§ **Work instruction**
Transcribe every line from the one containing "We won't flush" to the end of the listing, exactly as written, and leave out the pictures.

§ **Material provided**
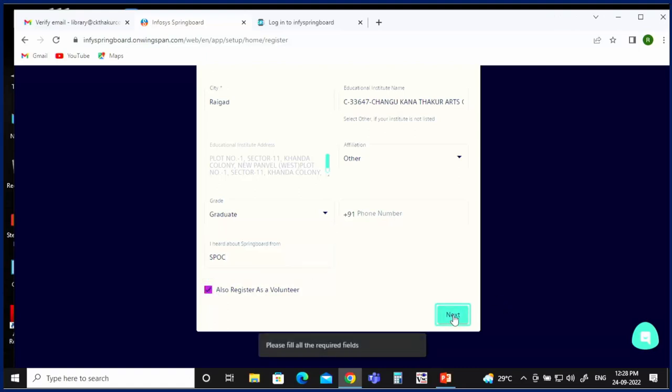Whatever missing information is prompted, fill in that information. In this way, you can successfully register on the Infosys Springboard.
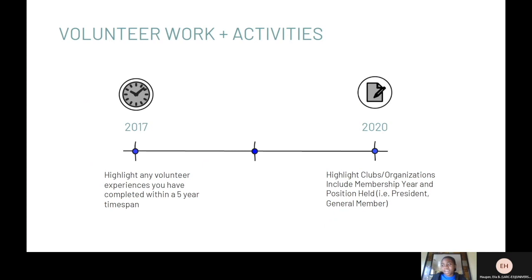Finally, you should highlight any volunteer work and school organizations or activities you have participated in. For your volunteer experience, be sure to highlight any current experience you've had — for example, from your freshman year to senior year. Try to keep it within a certain timeline so that it's not too much information, but enough to show that you have done volunteer work. For your clubs and organizations, include the membership year, any positions held, and a short description of the club and its overall goal.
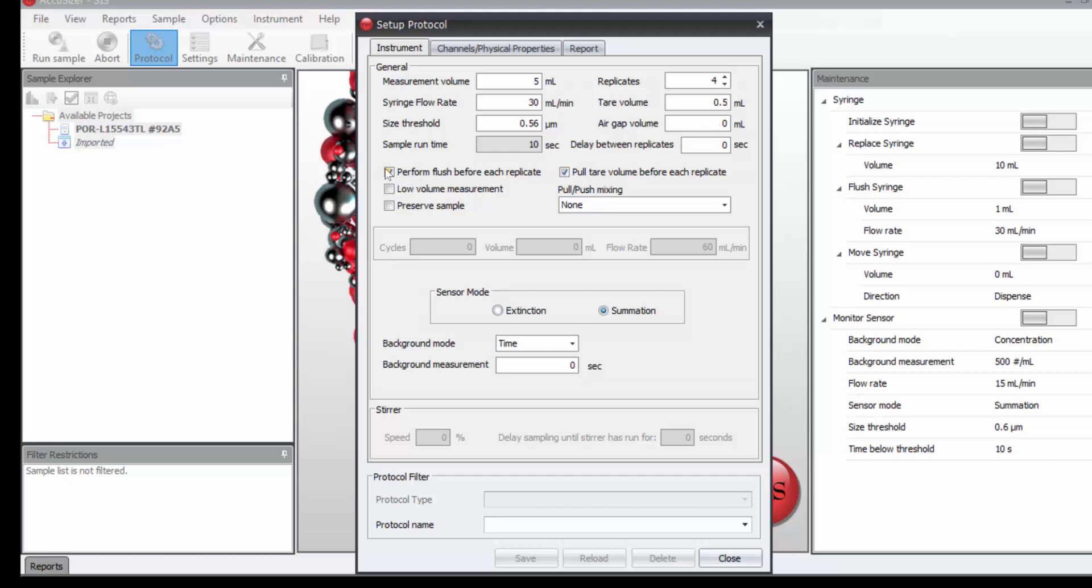We won't flush before each replicate. That's something we could do if we wanted to clean the system in between each run. I will pull the same tier volume before each replicate.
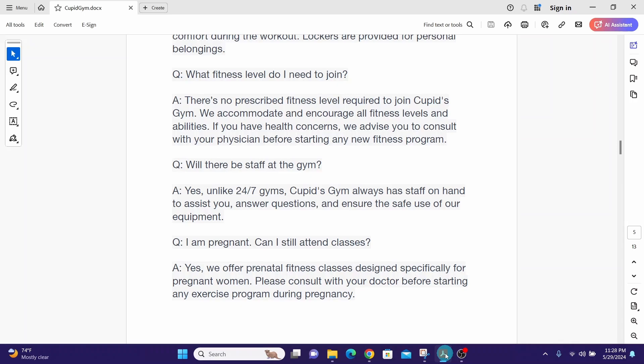I am pregnant can I still attend classes? Yes we offer prenatal fitness classes designed specifically for pregnant women. Please consult with your doctor before starting any exercise program during pregnancy.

§ **Answer below**
We won't flush before each replicate. That's something we could do if we wanted to clean the system in between each run. I will pull the same tier volume before each replicate.
I am pregnant can I still attend classes? Yes we offer prenatal fitness classes designed specifically for pregnant women. Please consult with your doctor before starting any exercise program during pregnancy.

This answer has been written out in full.